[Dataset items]
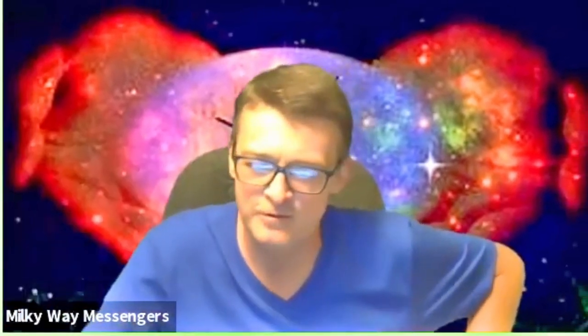Until then, folks, be the frequency you want to receive. Get out there and spread some love and light. Until Thursday, I love you all. Have a wonderful night.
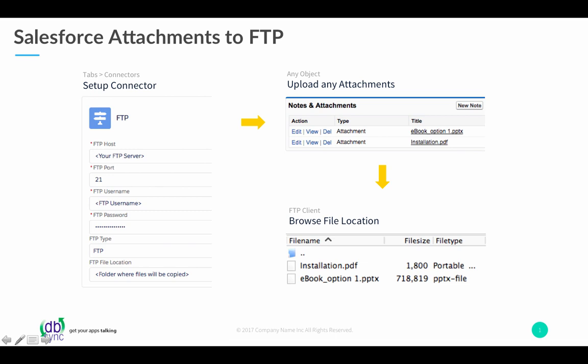Upload any attachments, and as soon as you upload the attachments, it will get downloaded into your FTP site in real time. You don't have to push a button or work through any additional UI.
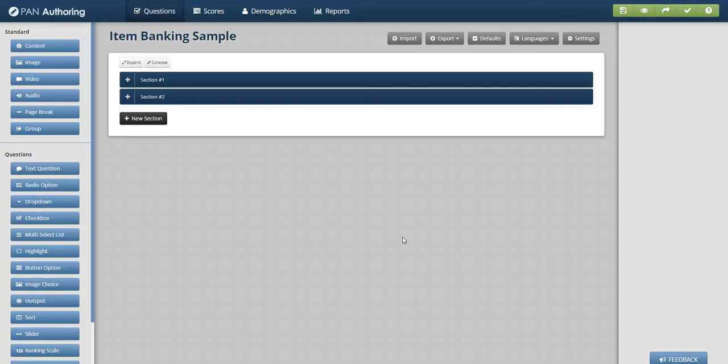A test can be built and a static form can be generated. Those 10 questions, those 50 questions are always delivered. Items can be randomized, so you could have the same 50 questions but they could be delivered in a different order.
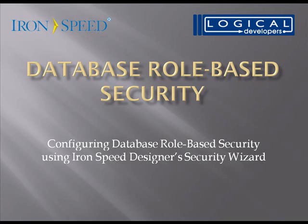Hi, I'm Paul Modiano from Logical Developers, and in this video I'm going to show you how to configure database role-based security using Iron Speed Designer's Security Wizard.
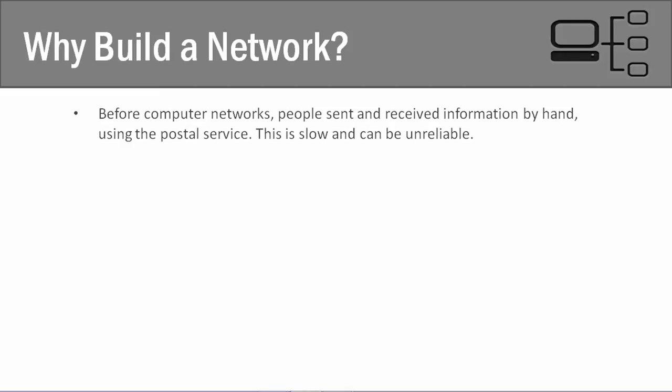If the utility company needed to send a bill to you, they had to send it to the postal service and you had to write a check and send it back to them through the postal service. So everything was sent via hand and manually or through the postal service.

> [WHAT IS EXPECTED]
Leave out every picture and copy, exactly as written, the lines from the one with "Hi, I'm Paul" through the end of the records above.

> [ANSWER TO THIS TASK]
Hi, I'm Paul Modiano from Logical Developers, and in this video I'm going to show you how to configure database role-based security using Iron Speed Designer's Security Wizard.
If the utility company needed to send a bill to you, they had to send it to the postal service and you had to write a check and send it back to them through the postal service. So everything was sent via hand and manually or through the postal service.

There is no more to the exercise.